#### Exercise requirements
All entries below must be written out verbatim, and the images must be dropped.

#### The data
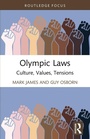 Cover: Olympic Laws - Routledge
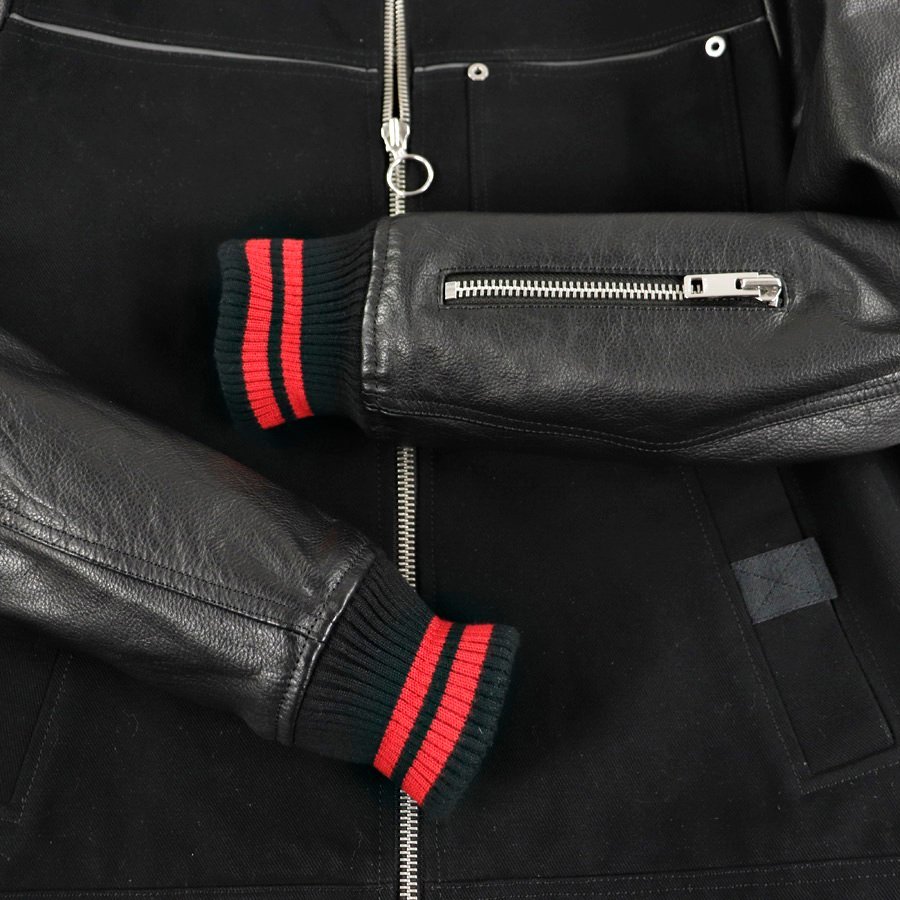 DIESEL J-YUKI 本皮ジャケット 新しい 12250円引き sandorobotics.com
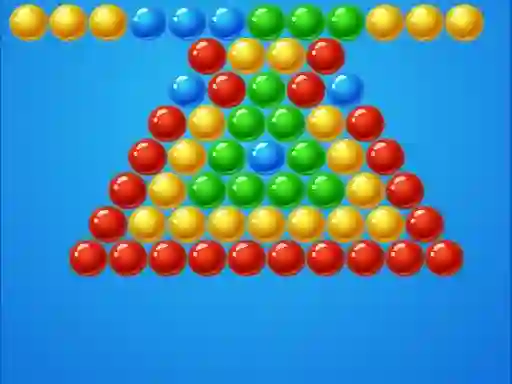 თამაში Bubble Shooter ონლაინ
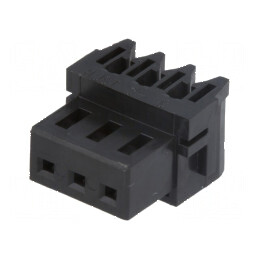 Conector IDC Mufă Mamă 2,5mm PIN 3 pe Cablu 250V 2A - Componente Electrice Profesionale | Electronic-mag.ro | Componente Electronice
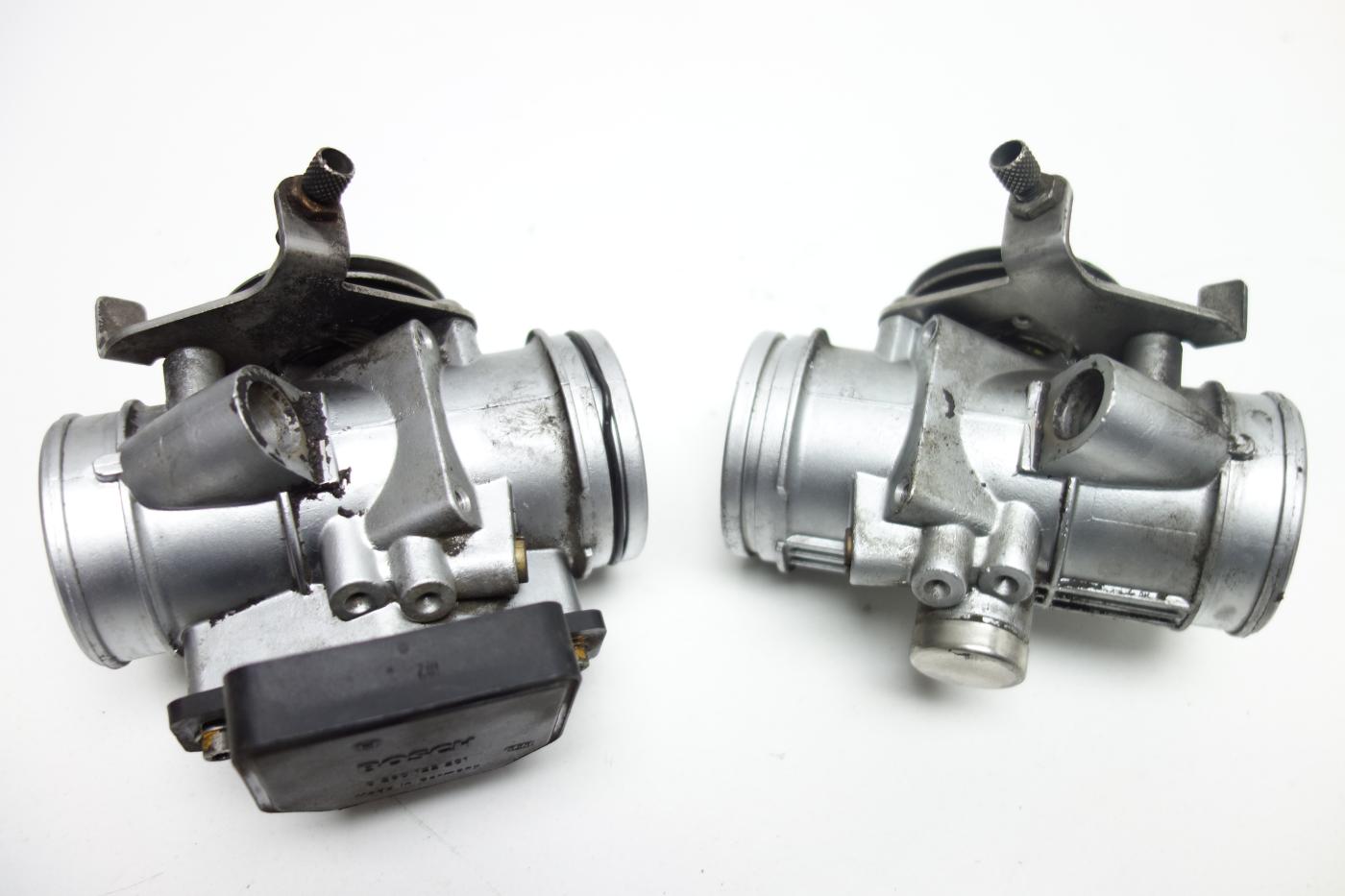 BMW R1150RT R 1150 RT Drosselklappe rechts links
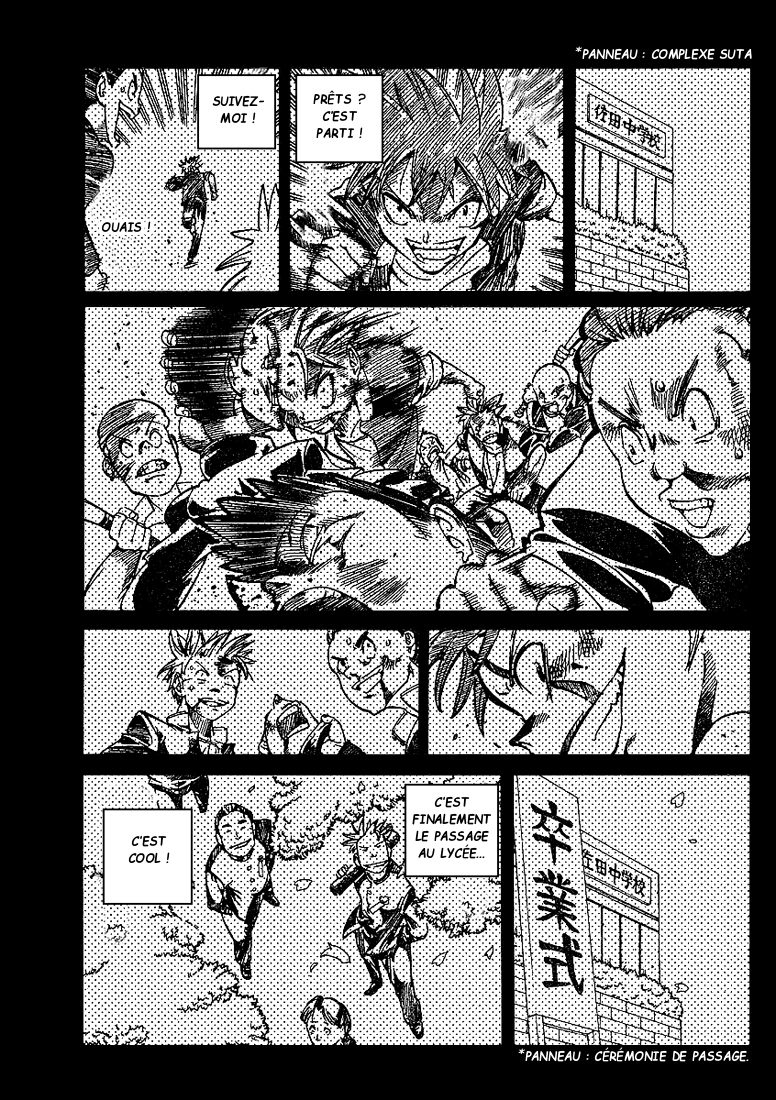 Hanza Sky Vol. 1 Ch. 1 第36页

#### Answer to this task
 Cover: Olympic Laws - Routledge
 DIESEL J-YUKI 本皮ジャケット 新しい 12250円引き sandorobotics.com
 თამაში Bubble Shooter ონლაინ
 Conector IDC Mufă Mamă 2,5mm PIN 3 pe Cablu 250V 2A - Componente Electrice Profesionale | Electronic-mag.ro | Componente Electronice
 BMW R1150RT R 1150 RT Drosselklappe rechts links
 Hanza Sky Vol. 1 Ch. 1 第36页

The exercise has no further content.